**Input records**.
╔══
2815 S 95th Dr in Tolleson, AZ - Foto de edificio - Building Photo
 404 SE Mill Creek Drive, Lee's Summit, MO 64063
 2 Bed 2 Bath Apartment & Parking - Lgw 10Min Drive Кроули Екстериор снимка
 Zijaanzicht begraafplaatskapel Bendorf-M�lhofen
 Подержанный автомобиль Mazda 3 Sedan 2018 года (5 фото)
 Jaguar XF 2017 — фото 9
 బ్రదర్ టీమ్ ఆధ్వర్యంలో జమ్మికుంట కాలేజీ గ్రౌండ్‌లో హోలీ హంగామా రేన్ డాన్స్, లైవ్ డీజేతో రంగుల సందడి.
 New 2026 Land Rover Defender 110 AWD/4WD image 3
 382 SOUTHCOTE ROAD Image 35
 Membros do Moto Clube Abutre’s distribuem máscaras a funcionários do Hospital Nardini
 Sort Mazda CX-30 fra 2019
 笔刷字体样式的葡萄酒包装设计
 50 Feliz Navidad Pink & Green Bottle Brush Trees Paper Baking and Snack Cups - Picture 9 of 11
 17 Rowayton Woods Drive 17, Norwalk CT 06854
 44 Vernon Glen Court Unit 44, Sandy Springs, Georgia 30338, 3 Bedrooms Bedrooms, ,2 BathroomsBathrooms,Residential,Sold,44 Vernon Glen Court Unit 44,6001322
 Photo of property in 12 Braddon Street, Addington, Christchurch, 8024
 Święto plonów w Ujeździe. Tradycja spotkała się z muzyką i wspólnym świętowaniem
╚══
**What you will do**. The listing above is to be reproduced without a single change.

**Output**.
2815 S 95th Dr in Tolleson, AZ - Foto de edificio - Building Photo
 404 SE Mill Creek Drive, Lee's Summit, MO 64063
 2 Bed 2 Bath Apartment & Parking - Lgw 10Min Drive Кроули Екстериор снимка
 Zijaanzicht begraafplaatskapel Bendorf-M�lhofen
 Подержанный автомобиль Mazda 3 Sedan 2018 года (5 фото)
 Jaguar XF 2017 — фото 9
 బ్రదర్ టీమ్ ఆధ్వర్యంలో జమ్మికుంట కాలేజీ గ్రౌండ్‌లో హోలీ హంగామా రేన్ డాన్స్, లైవ్ డీజేతో రంగుల సందడి.
 New 2026 Land Rover Defender 110 AWD/4WD image 3
 382 SOUTHCOTE ROAD Image 35
 Membros do Moto Clube Abutre’s distribuem máscaras a funcionários do Hospital Nardini
 Sort Mazda CX-30 fra 2019
 笔刷字体样式的葡萄酒包装设计
 50 Feliz Navidad Pink & Green Bottle Brush Trees Paper Baking and Snack Cups - Picture 9 of 11
 17 Rowayton Woods Drive 17, Norwalk CT 06854
 44 Vernon Glen Court Unit 44, Sandy Springs, Georgia 30338, 3 Bedrooms Bedrooms, ,2 BathroomsBathrooms,Residential,Sold,44 Vernon Glen Court Unit 44,6001322
 Photo of property in 12 Braddon Street, Addington, Christchurch, 8024
 Święto plonów w Ujeździe. Tradycja spotkała się z muzyką i wspólnym świętowaniem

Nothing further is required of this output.